IMO, Jaime was jealous of those children. To quote from AGOT:

“Mothers.” The mana made the word sound like a curse. “I think birthing does something to your minds. You are all mad.” He laughed. It was a bitter sound.

AGOT, P. 69

Sounds to me as though Jaime is jealous of his own children. Those kids steal Cersei’s attention away from it’s rightful object, him. They invade his little self-formed fantasy world where him and Cersei are the beginning and the end, all that matter. And most of all, Cersei clearly loves them more than anything or anyone… himself included.

Initially, the unredeemed Jaime saw his kids as obstacles; things standing in the way of his relationship with their mother. And in later books, after his redemption… well, though he appears to take more interest in them. However, it seems to me as though his attitude has not changed. In AFFC, he is willing to have Tommen’s mother die, because he thinks she is a cheating bitch and deserves it. He spares no thought as to how Cersei’s execution may effect their son, nor does this ever have an effect on his decision making.

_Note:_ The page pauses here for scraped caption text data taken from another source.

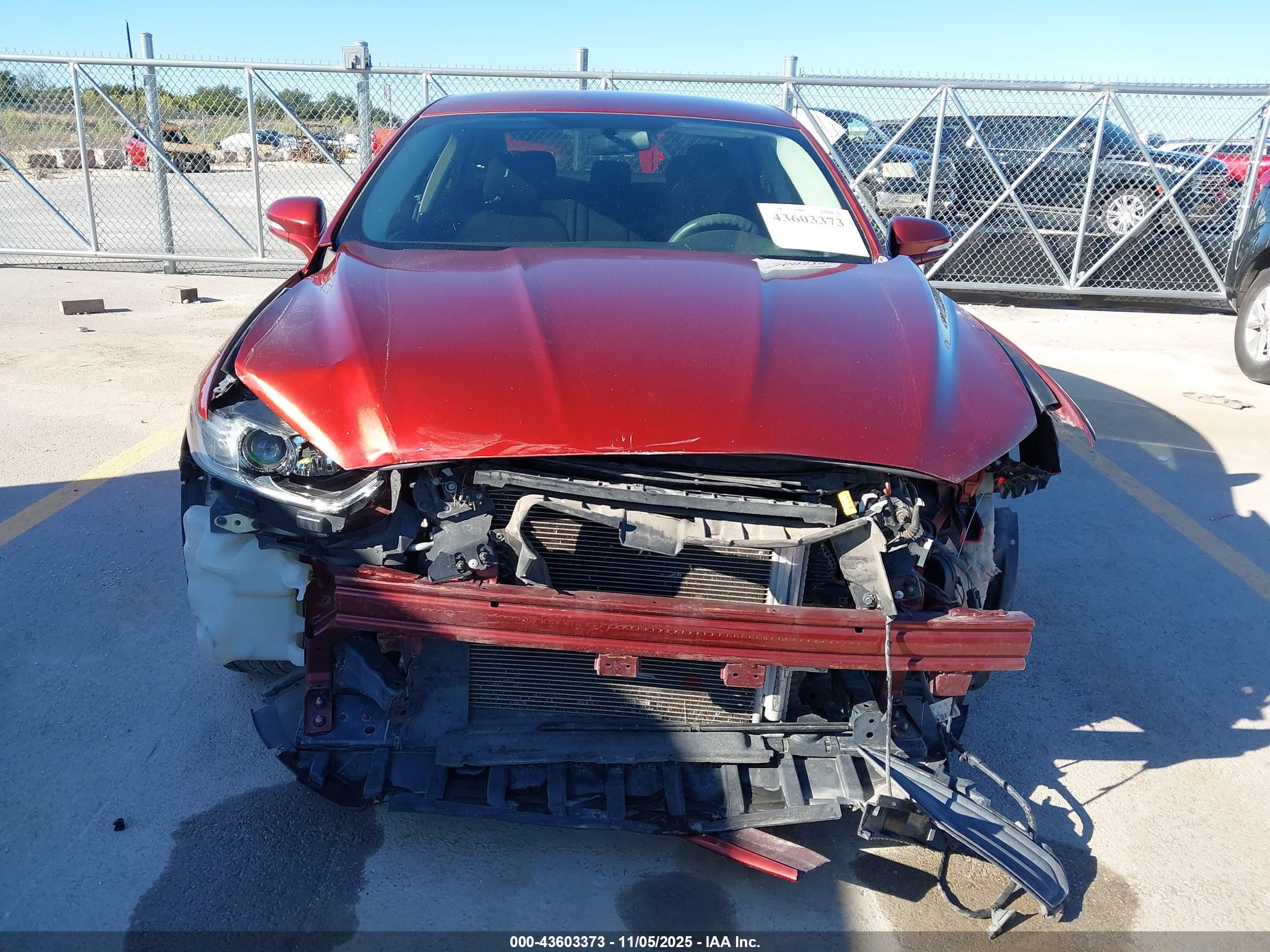 FORD FUSION image 6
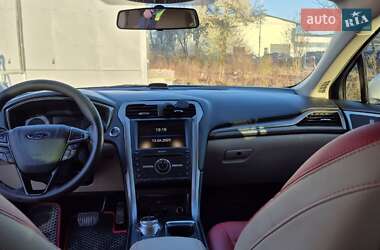 Седан Ford Fusion 2016 в Ивано-Франковске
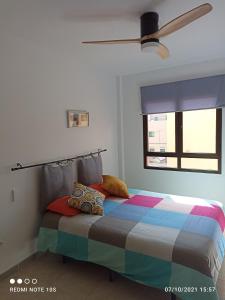 Łóżko lub łóżka w pokoju w obiekcie Apartamentos El Carmen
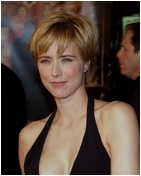 Tea Leoni nude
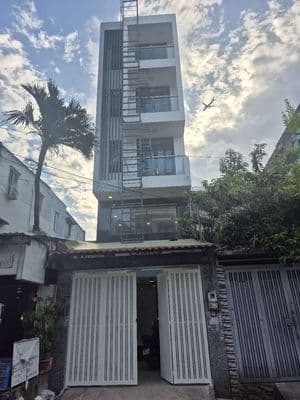 Cho thuê nhà 4x22m 5 lâu 7pn 7wc. y hình ngay lê trọng tấn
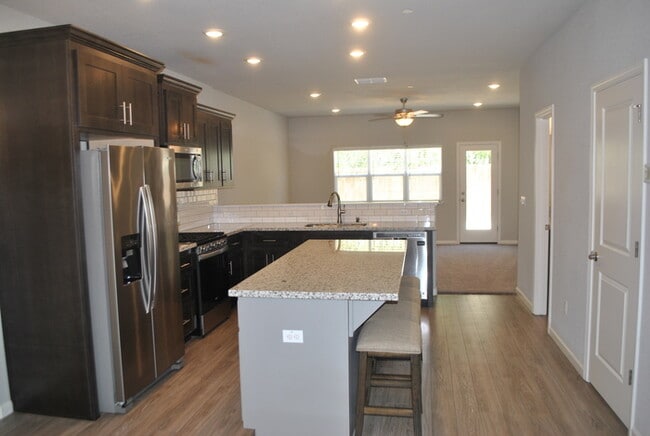 Building Photo - 3805 Anders Way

Furthermore, in ADWD, Jaime is presented as admirable and heroic by reflecting on how he should tell Myrcella the truth about her parentage. (“He thought of Myrcella. He wouldl have to tell her the truth.”) Yeah, okay, but… why? Why all of a sudden does he feel this compulsion for total, unsparing honesty? Is it indeed, as the book strongly implies (even more or less states) that Jaime, after all these years of immorality and lies, has finally broken out of Cersei’s evil thrall, and wants the truth to be known, and justice to be done? Or could his sudden desire to inform his 8 or 9 year old daughter of her mother’s duplicity be rooted in something else like, say, vengeance? Does he want to turn Cersei’s daughter against her, as retribution of Cersei’s cheating?


No, I would not push a child out of a window probably because I wouldn't be having sex with my brother in the first place! 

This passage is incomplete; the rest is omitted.